··· Information
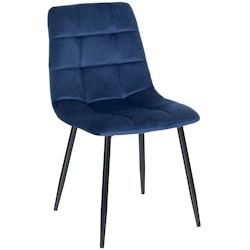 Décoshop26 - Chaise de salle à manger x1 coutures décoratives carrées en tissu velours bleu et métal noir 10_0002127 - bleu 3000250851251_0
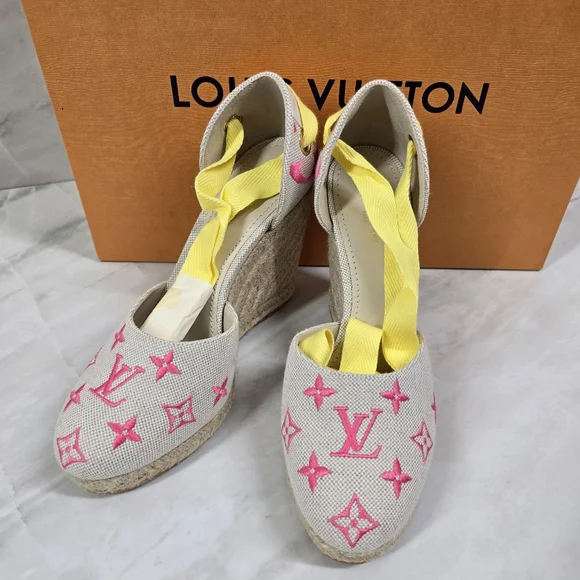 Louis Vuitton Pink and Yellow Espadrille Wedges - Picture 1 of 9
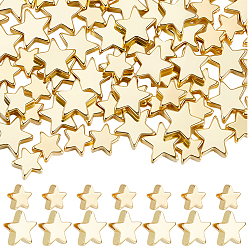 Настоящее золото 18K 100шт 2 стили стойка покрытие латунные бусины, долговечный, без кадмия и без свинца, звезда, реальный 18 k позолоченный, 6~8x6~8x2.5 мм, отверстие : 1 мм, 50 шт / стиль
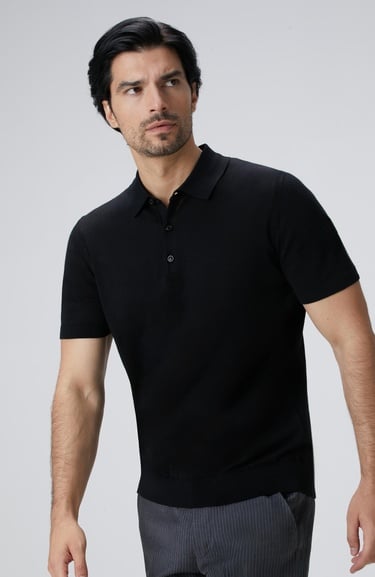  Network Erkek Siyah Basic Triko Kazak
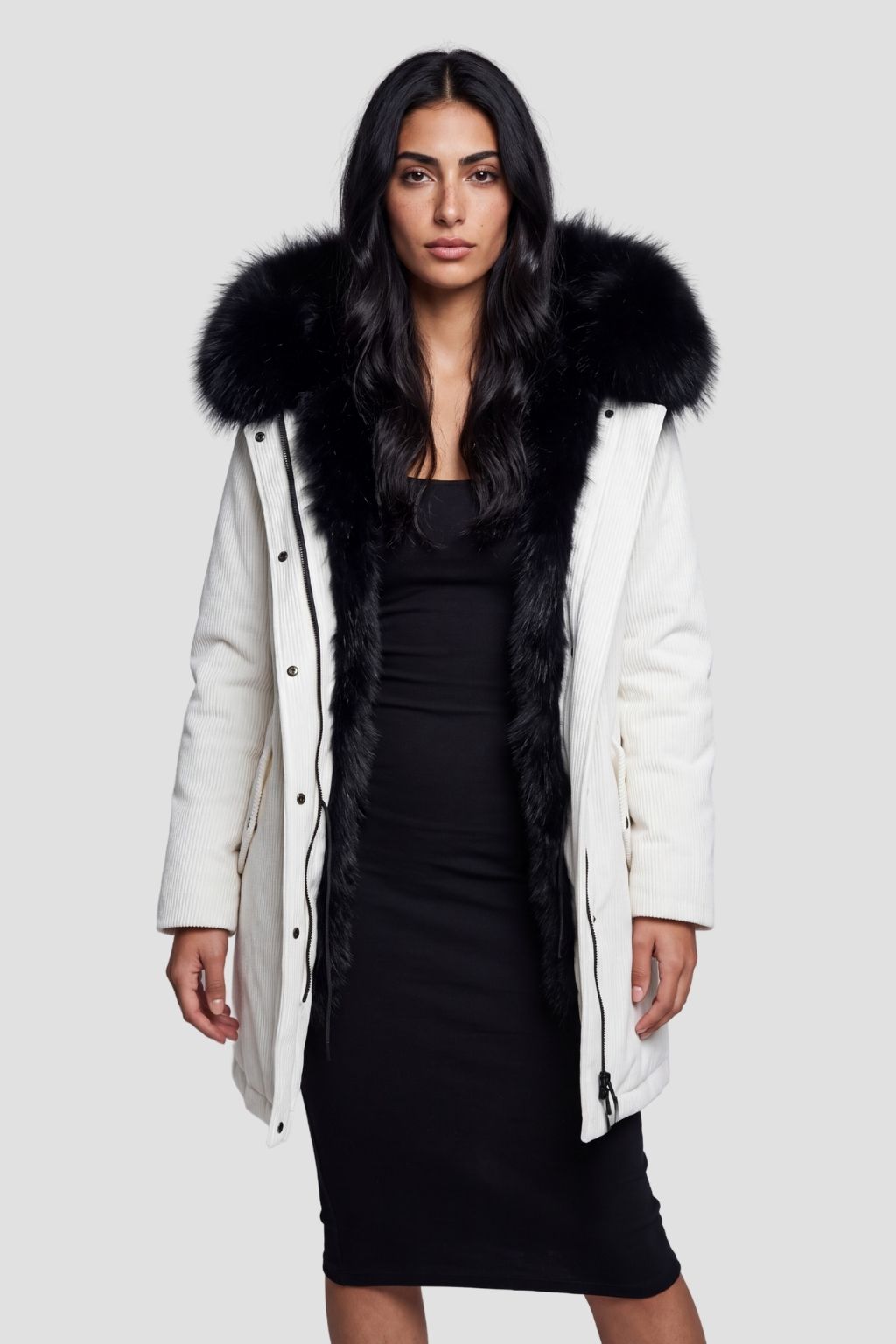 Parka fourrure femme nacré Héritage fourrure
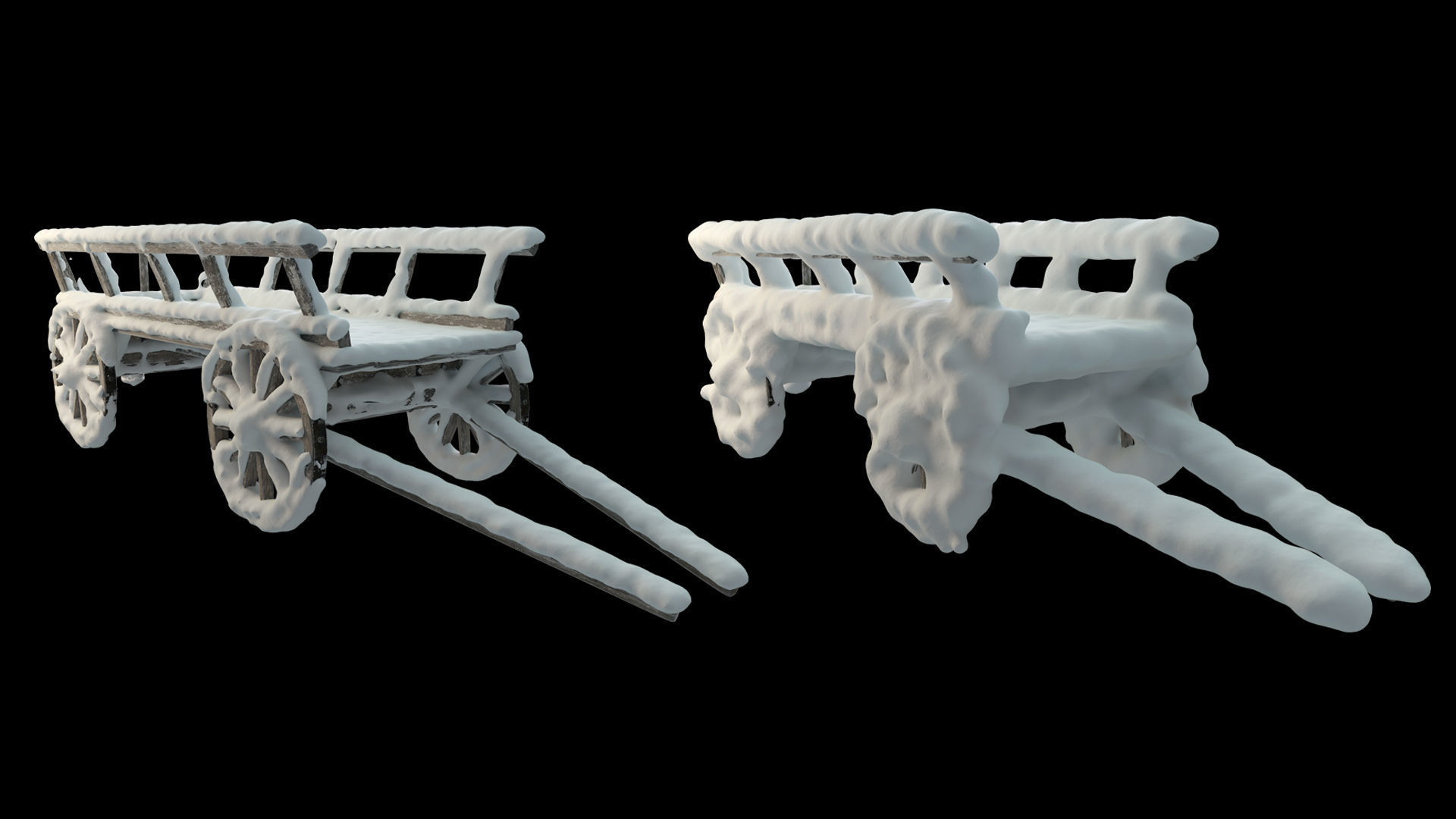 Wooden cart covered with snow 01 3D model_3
······
··· Information
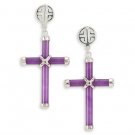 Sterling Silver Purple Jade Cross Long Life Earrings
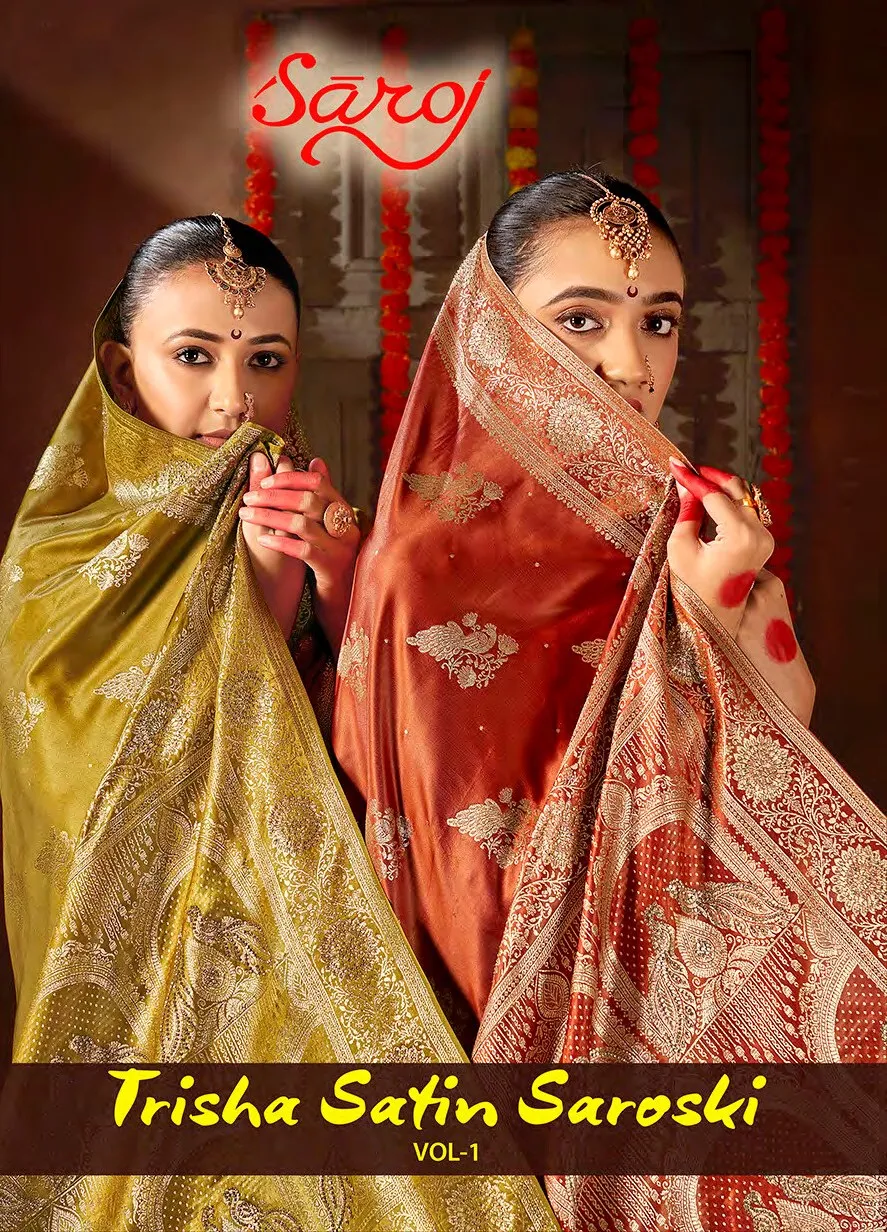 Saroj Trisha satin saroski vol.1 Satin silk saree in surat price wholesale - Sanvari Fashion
······
### What this task involves
Although the records above contain pictures, the copy must not; set down exactly the lines from the one with "Décoshop26 - Chaise" up to and including the one with "Louis Vuitton Pink".

### Answer box
 Décoshop26 - Chaise de salle à manger x1 coutures décoratives carrées en tissu velours bleu et métal noir 10_0002127 - bleu 3000250851251_0
 Louis Vuitton Pink and Yellow Espadrille Wedges - Picture 1 of 9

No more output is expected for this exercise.